Would you print the lines below exactly, beginning at the line that has "Greatest hits stewart" and stopping after the line that has "İcarəyə verilir 3"? Only those lines, and no pictures.

> **Task material**:
== Segment start ==
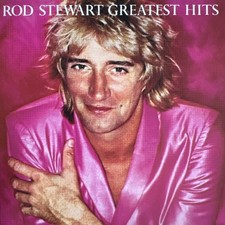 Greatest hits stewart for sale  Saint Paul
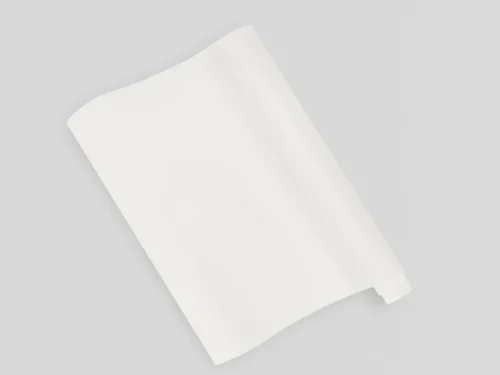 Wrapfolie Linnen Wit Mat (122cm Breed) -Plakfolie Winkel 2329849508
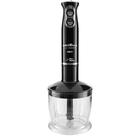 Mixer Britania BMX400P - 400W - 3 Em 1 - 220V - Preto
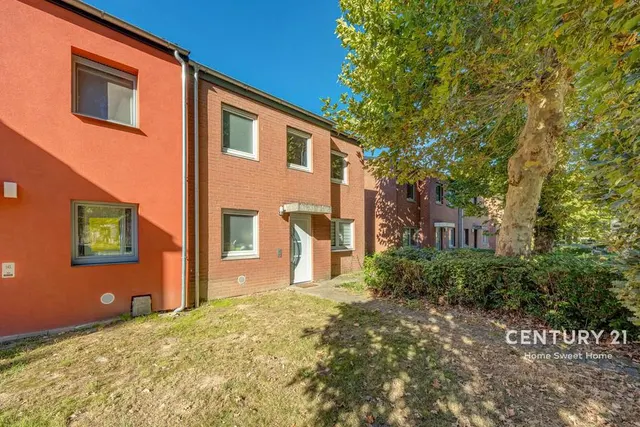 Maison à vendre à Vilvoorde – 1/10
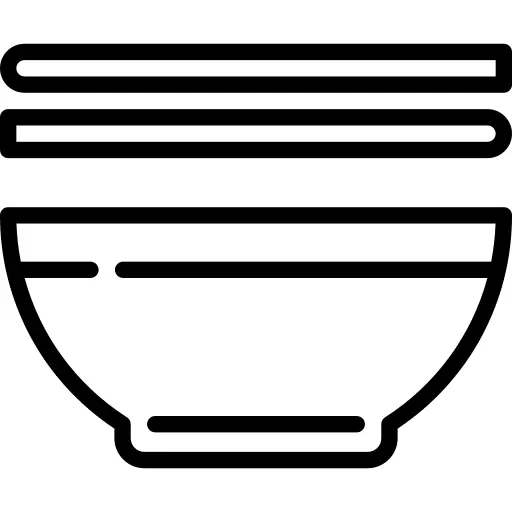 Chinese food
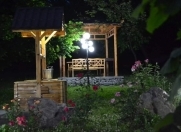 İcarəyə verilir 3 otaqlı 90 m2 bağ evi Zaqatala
== Segment end ==
== Segment start ==
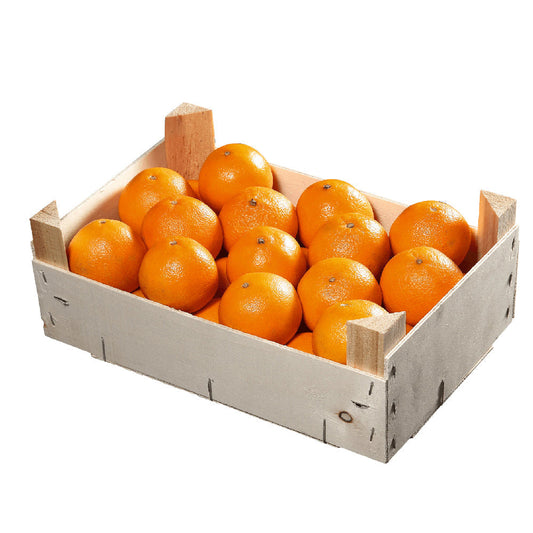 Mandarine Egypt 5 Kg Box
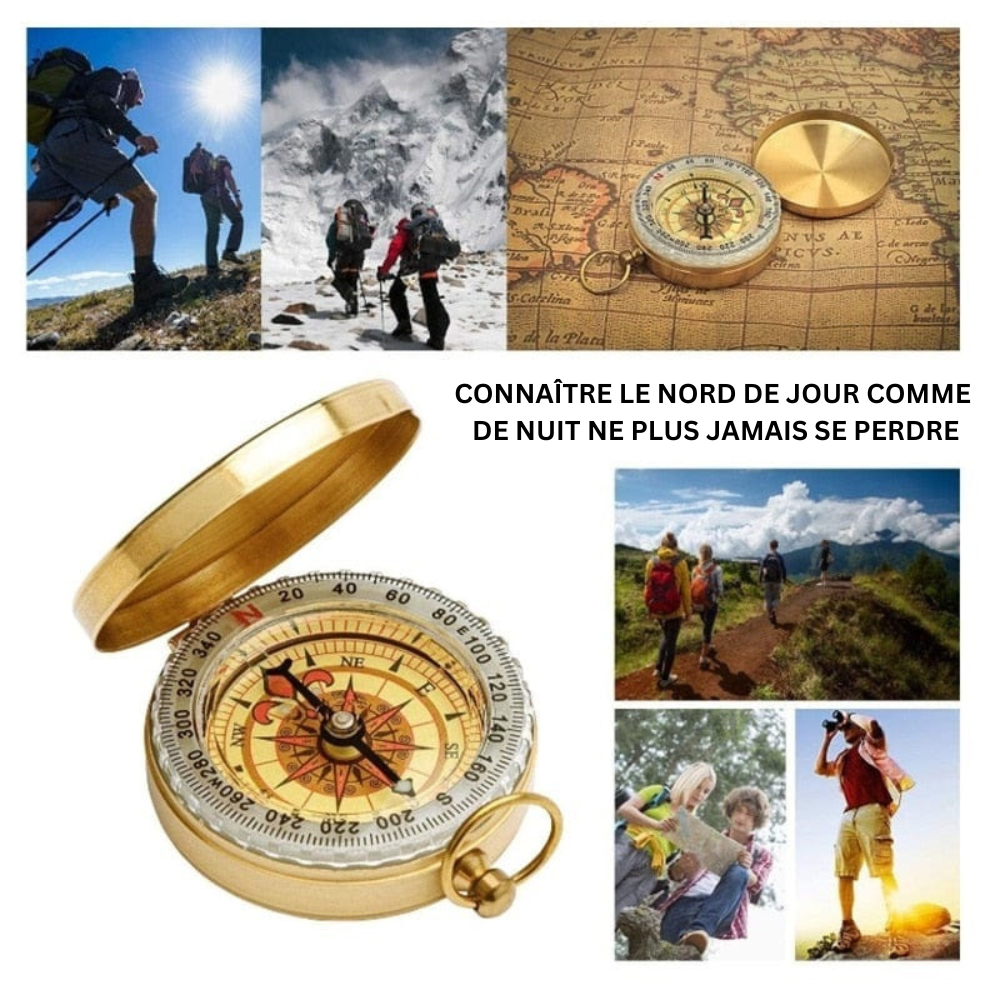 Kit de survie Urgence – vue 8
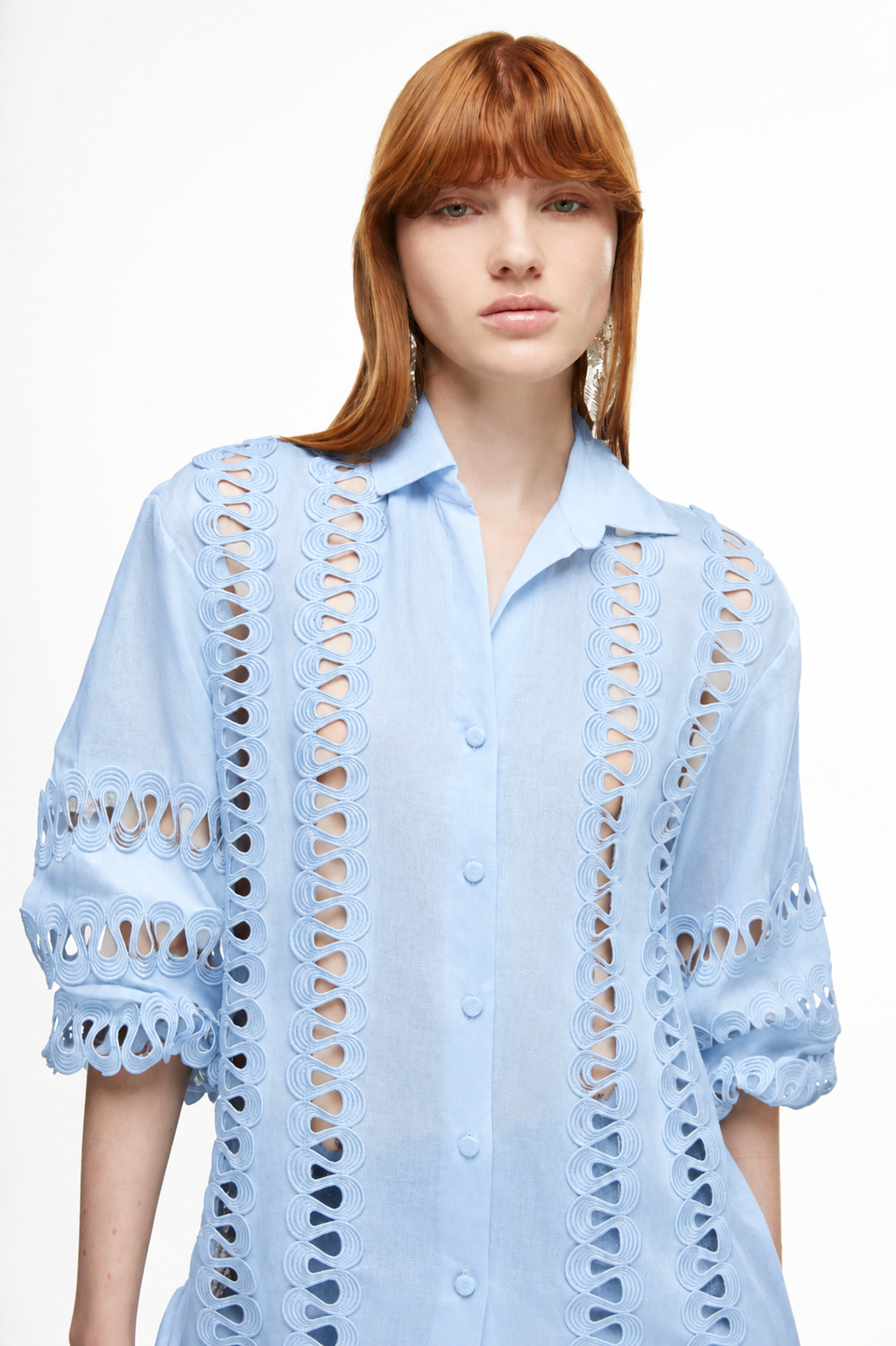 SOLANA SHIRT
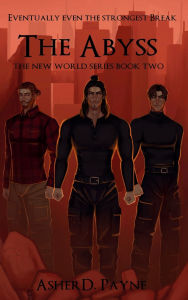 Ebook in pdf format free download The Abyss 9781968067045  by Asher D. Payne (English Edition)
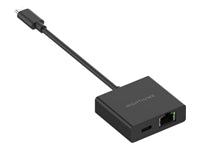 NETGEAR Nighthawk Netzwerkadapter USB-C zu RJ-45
== Segment end ==
== Segment start ==
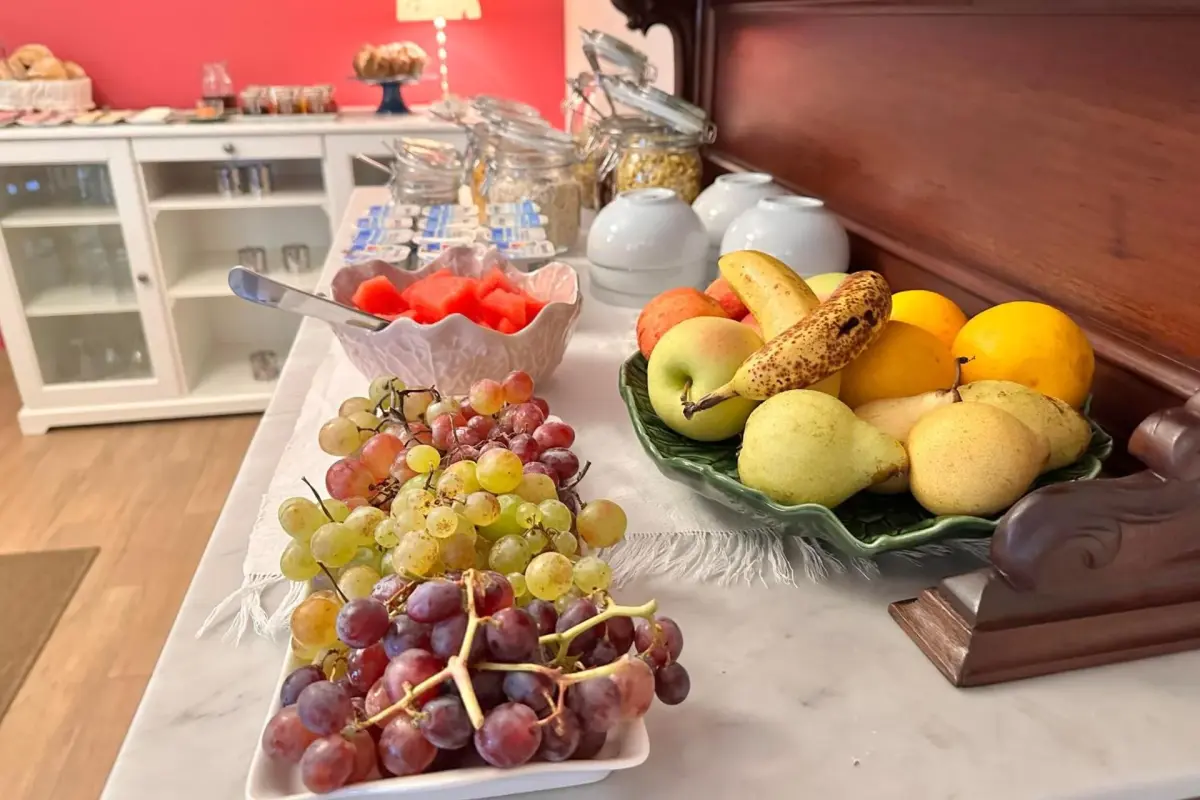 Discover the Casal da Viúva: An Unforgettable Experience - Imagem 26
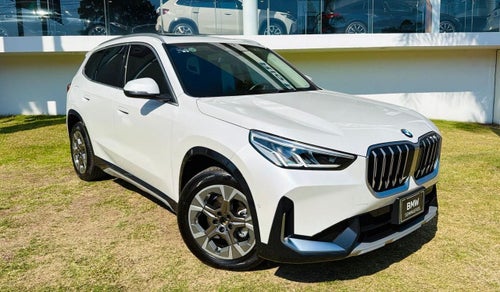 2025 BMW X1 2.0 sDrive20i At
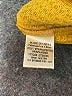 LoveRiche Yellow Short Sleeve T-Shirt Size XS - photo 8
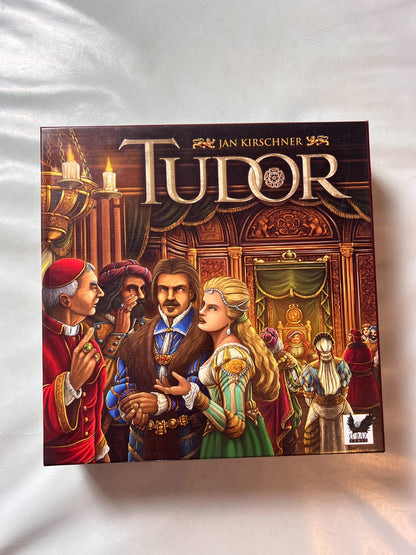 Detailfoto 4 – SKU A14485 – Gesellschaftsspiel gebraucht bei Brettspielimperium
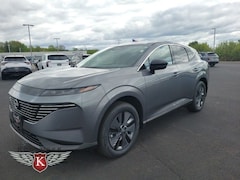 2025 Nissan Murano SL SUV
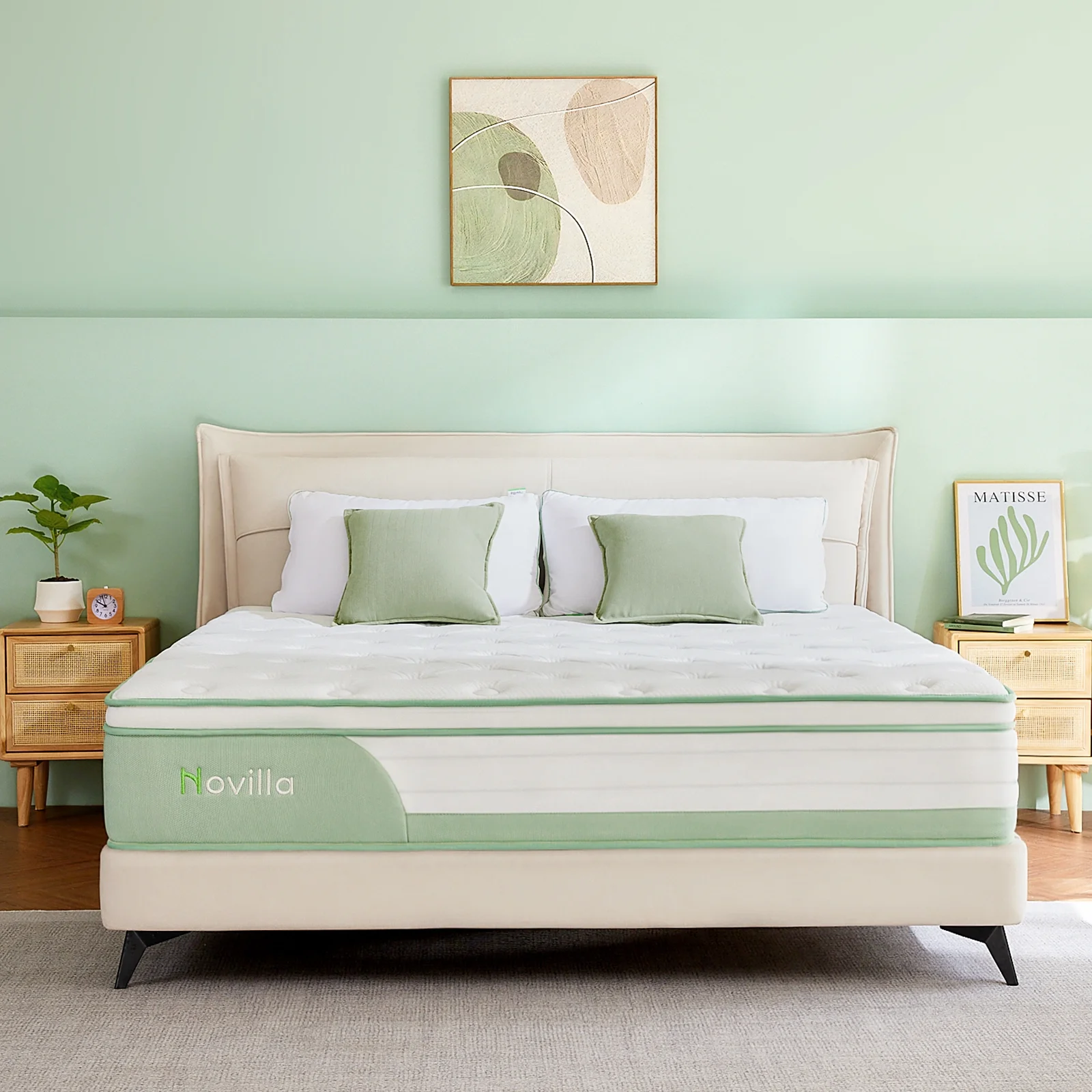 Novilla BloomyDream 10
== Segment end ==
> **Solution for this exercise**:
 Greatest hits stewart for sale  Saint Paul
 Wrapfolie Linnen Wit Mat (122cm Breed) -Plakfolie Winkel 2329849508
 Mixer Britania BMX400P - 400W - 3 Em 1 - 220V - Preto
 Maison à vendre à Vilvoorde – 1/10
 Chinese food
 İcarəyə verilir 3 otaqlı 90 m2 bağ evi Zaqatala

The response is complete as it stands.